Un homme a été tué mardi à Bahreïn lors d'incidents qui ont éclaté pendant les funérailles d'un manifestant tué la veille en marge du "jour de colère" organisé contre le gouvernement. Les affrontements se sont produits alors que 2000 personnes s'étaient réunies devant la morgue d'un hôpital pour accompagner la dépouille du jeune homme de 22 ans tué par balles lundi.
La police a tiré des grenades lacrymogènes sur la procession funèbre mais le cortège s'est reformé et a repris sa marche, a déclaré le député Ibrahim Mattar, élu du groupe d'opposition chiite al-Wefaq. Une personne a été tuée dans la bousculade, victime d'un tir par arme à feu, a dit Ibrahim Mattar. Selon la police locale, les participants de la procession s'en sont pris à des policiers présents dans quatre véhicules.
Comme sur la place Tahrir au Caire
En provenance du lieu des funérailles, situé à la périphérie de Manama, des participants en colère ont gagné la place de la Perle, dans le centre-ville. "Le peuple veut la chute du régime", ont scandé certains, reprenant le principal slogan du soulèvement en Egypte.
Les manifestants ont commencé à installer des tentes au milieu de cette place qu'ils ont rebaptisée "Place des martyrs". Ils s'apprêtaient à y passer la nuit, ayant affirmé leur intention d'y demeurer jusqu'à ce qu'ils aient obtenu satisfaction de leurs revendications.
Une dizaine de tentes étaient dressées et des manifestants distribuaient des couvertures, de l'eau et de la nourriture. "Peut-être que ce sera une place Tahrir. Cette place est au coeur de Bahreïn maintenant", a-t-il ajouté, faisant référence à la place Tahrir, symbole de la révolution égyptienne.
"Nous avons appris des leçons de l'Egypte et de la Tunisie. Nous voulons une nouvelle Constitution, la fin de la discrimination, et l'instauration d'une monarchie constitutionnelle", a déclaré l'un des manifestants. La police avait bloqué les accès menant au secteur, alors qu'un hélicoptère survolait la région.
Discours du roi
Dans un discours télévisé au ton conciliant, le roi de Bahreïn, cheikh Hamad ben Issa Al Khalifa a exprimé son regret pour "la mort de deux de nos chers fils", tués lors de la dispersion de manifestations lundi et mardi. Il a annoncé la formation d'une enquête ministérielle menée par le vice-premier ministre Jawad ben Salem al-Aarid, lui-même chiite.

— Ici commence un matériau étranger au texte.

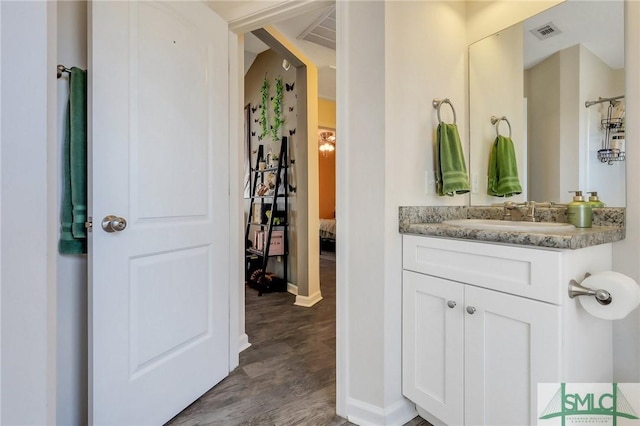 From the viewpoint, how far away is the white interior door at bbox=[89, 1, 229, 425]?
117 centimetres

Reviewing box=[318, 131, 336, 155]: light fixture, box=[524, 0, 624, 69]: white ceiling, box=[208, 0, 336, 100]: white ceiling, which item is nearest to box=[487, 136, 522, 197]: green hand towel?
box=[524, 0, 624, 69]: white ceiling

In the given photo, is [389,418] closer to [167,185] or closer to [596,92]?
[167,185]

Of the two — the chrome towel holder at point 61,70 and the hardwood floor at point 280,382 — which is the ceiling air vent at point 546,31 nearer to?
the hardwood floor at point 280,382

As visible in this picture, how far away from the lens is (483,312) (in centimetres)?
109

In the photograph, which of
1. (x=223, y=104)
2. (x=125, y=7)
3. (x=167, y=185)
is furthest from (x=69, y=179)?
(x=223, y=104)

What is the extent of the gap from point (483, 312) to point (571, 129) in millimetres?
997

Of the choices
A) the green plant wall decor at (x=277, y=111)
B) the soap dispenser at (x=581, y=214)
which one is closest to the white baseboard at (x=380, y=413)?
the soap dispenser at (x=581, y=214)

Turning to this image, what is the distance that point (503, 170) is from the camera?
5.52 ft

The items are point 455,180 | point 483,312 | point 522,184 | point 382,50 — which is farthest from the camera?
point 522,184

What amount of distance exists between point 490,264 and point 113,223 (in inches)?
55.4

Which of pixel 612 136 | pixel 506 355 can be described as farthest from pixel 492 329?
pixel 612 136

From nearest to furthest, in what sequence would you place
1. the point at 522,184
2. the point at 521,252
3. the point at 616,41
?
1. the point at 521,252
2. the point at 616,41
3. the point at 522,184

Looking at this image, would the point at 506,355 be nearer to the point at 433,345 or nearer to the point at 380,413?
the point at 433,345

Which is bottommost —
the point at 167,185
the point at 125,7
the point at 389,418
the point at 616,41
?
the point at 389,418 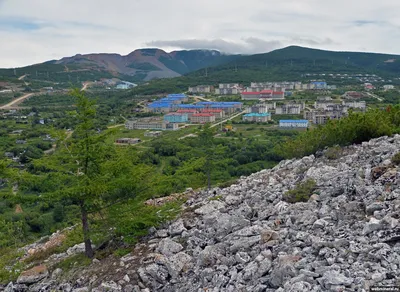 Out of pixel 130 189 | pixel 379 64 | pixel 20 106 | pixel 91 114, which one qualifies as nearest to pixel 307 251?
pixel 130 189

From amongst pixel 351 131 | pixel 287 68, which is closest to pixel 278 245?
pixel 351 131

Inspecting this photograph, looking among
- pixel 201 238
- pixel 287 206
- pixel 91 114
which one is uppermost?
pixel 91 114

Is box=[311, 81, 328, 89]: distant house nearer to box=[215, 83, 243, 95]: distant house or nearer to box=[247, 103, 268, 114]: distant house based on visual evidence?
box=[215, 83, 243, 95]: distant house

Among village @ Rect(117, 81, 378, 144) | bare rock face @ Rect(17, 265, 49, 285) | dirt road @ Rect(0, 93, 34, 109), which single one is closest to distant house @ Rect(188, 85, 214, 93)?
village @ Rect(117, 81, 378, 144)

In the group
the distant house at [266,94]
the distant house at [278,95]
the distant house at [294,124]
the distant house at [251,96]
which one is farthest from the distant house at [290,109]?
the distant house at [251,96]

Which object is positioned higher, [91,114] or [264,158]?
[91,114]

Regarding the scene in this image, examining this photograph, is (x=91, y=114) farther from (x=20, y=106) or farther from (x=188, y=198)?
(x=20, y=106)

Le bloc chiite au Parlement, le mouvement al-Wefaq qui compte 18 élus sur 40 sièges, a annoncé avoir suspendu sa participation à l'assemblée en raison de la répression "sauvage" des manifestants. Dans un communiqué, le mouvement a affirmé soutenir "les revendications légitimes du peuple".

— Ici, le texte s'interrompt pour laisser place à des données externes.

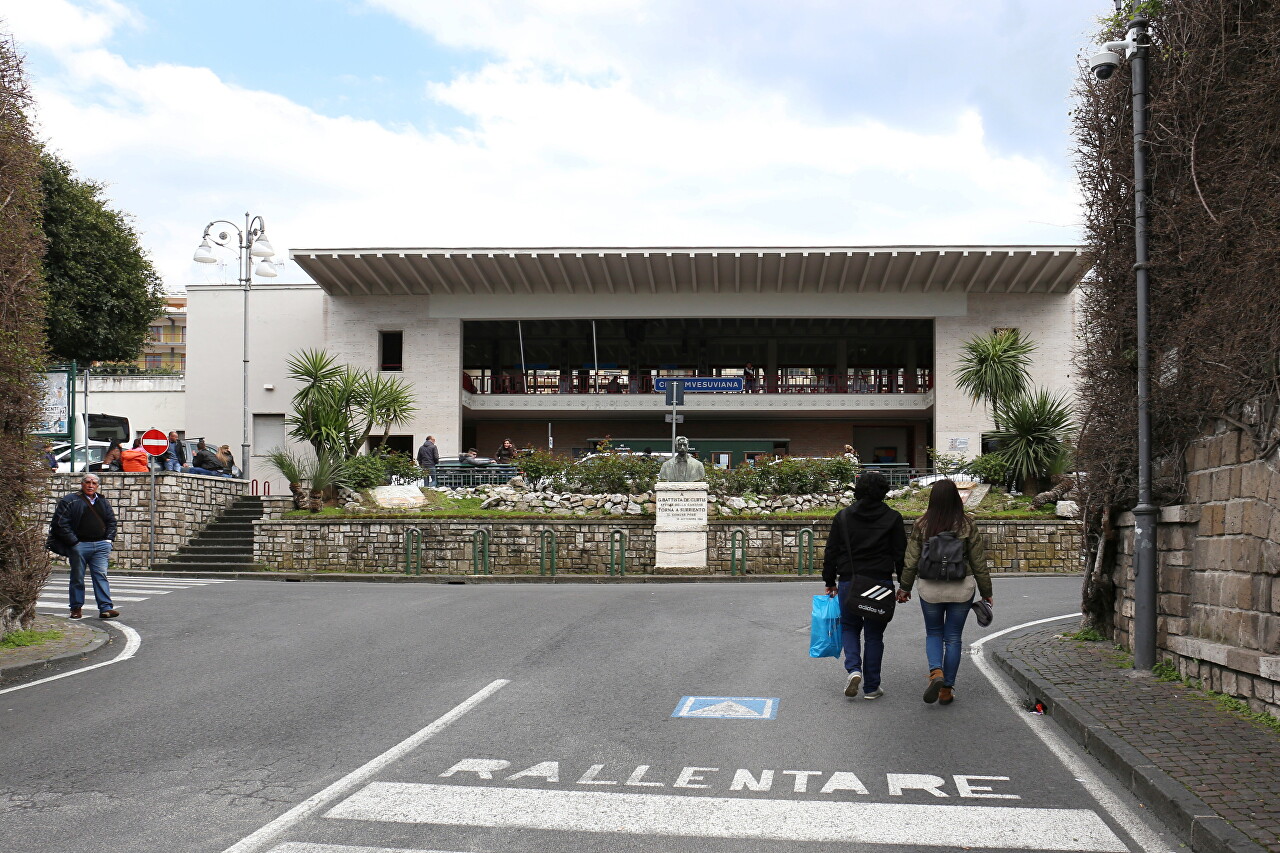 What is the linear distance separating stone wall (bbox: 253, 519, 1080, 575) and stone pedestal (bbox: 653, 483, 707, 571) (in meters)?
1.00

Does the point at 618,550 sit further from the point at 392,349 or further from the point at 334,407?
the point at 392,349

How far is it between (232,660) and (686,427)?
117ft

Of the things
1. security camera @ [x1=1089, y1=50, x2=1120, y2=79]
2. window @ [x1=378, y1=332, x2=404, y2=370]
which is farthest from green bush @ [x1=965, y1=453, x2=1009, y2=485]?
window @ [x1=378, y1=332, x2=404, y2=370]

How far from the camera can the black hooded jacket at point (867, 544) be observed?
805 centimetres

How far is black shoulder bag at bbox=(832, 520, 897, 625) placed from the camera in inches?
312

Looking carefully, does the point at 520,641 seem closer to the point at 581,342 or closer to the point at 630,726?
the point at 630,726

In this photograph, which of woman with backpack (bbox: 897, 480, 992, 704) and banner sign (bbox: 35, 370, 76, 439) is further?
banner sign (bbox: 35, 370, 76, 439)

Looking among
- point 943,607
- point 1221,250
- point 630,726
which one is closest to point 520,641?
point 630,726

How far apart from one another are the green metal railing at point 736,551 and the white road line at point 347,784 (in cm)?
1421

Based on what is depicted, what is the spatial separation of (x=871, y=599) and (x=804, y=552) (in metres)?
14.9

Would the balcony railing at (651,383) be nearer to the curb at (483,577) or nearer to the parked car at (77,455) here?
the parked car at (77,455)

Parmi celles-ci figurent en bonne place la lutte contre la pauvreté et le chômage. Les manifestants rejettent aussi la politique du gouvernement qui accorde la citoyenneté à des sunnites étrangers ainsi que des emplois dans les forces de sécurité et des logements qui modifient l'équilibre démographique.
La population de Bahreïn est majoritairement chiite, mais sa famille régnante est de confession sunnite. Ce pays fait figure de parent pauvre à côté des autres monarchies pétrolières de la région, ses réserves de pétrole s'étant pratiquement taries. Entre 1994 et 1999, Bahreïn a été le théâtre de violences animées par des chiites qui avaient fait une quarantaine de morts. Les chiites s'estiment discriminés au niveau de l'emploi, des services sociaux comme l'habitat et des services publics fournis à leurs villages.
agences/lan
Egalement au Yémen
Le mouvement de protestation se poursuit aussi au Yémen.

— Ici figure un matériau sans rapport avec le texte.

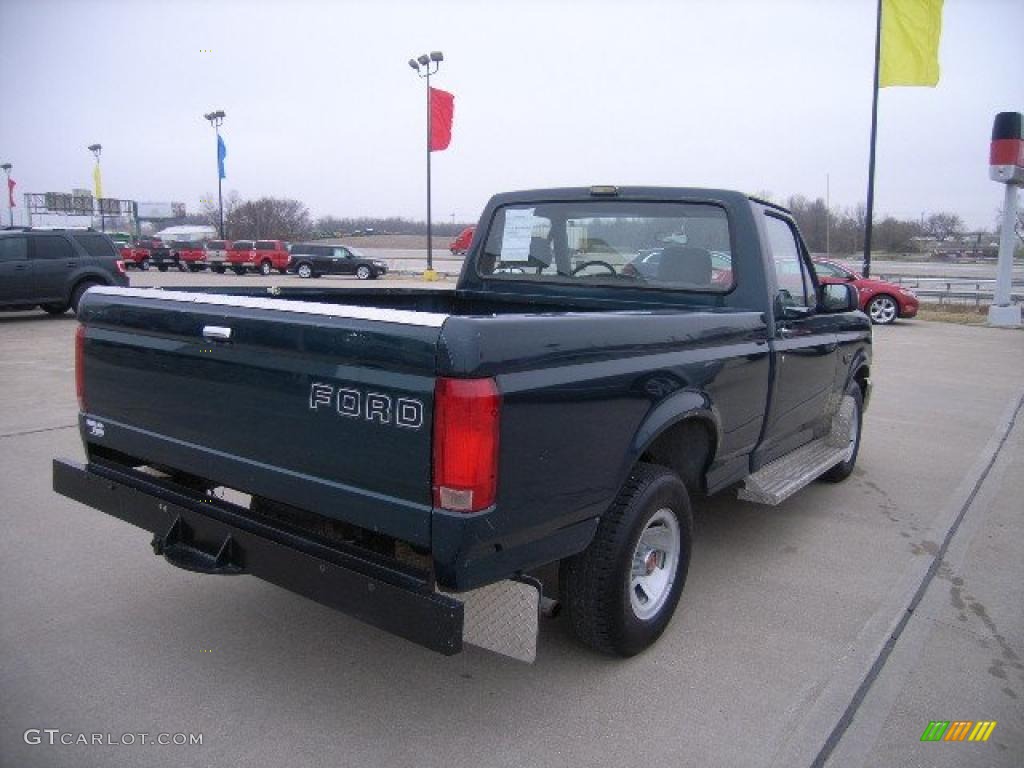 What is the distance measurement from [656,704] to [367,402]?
63.3 inches

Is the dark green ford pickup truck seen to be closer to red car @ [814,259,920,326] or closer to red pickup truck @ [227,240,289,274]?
red car @ [814,259,920,326]

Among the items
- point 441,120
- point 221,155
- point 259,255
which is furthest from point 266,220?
point 441,120

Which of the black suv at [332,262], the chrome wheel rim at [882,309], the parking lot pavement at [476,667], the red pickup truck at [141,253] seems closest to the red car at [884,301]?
the chrome wheel rim at [882,309]

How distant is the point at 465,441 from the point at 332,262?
118 feet

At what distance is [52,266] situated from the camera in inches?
586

Au moins trois manifestants ont été blessés lors d'affrontements entre des étudiants et militants qui tentaient de se diriger vers le palais présidentiel à Sanaa et des partisans du pouvoir.
Des partisans du Congrès populaire général (le parti au pouvoir), armés de gourdins et de haches, se sont opposés aux manifestants à quelque 1,5 km du palais, et ont jeté des pierres en leur direction.
Les manifestants, qui descendaient dans la rue pour la quatrième journée consécutive, ont riposté en leur lançant également des pierres.
Selon des témoins, des policiers en civil équipés de pistolets à impulsion électrique Taser ont pris part, aux côtés des contre-manifestants, aux affrontements qui ont pris fin en milieu de journée.
Amnesty international a appelé le Yémen à "freiner immédiatement ses forces de sécurité et arrêter l'usage excessif de la violence". Human Rights Watch a demandé aux autorités de ne pas employer les pistolets Taser pour disperser les manifestants.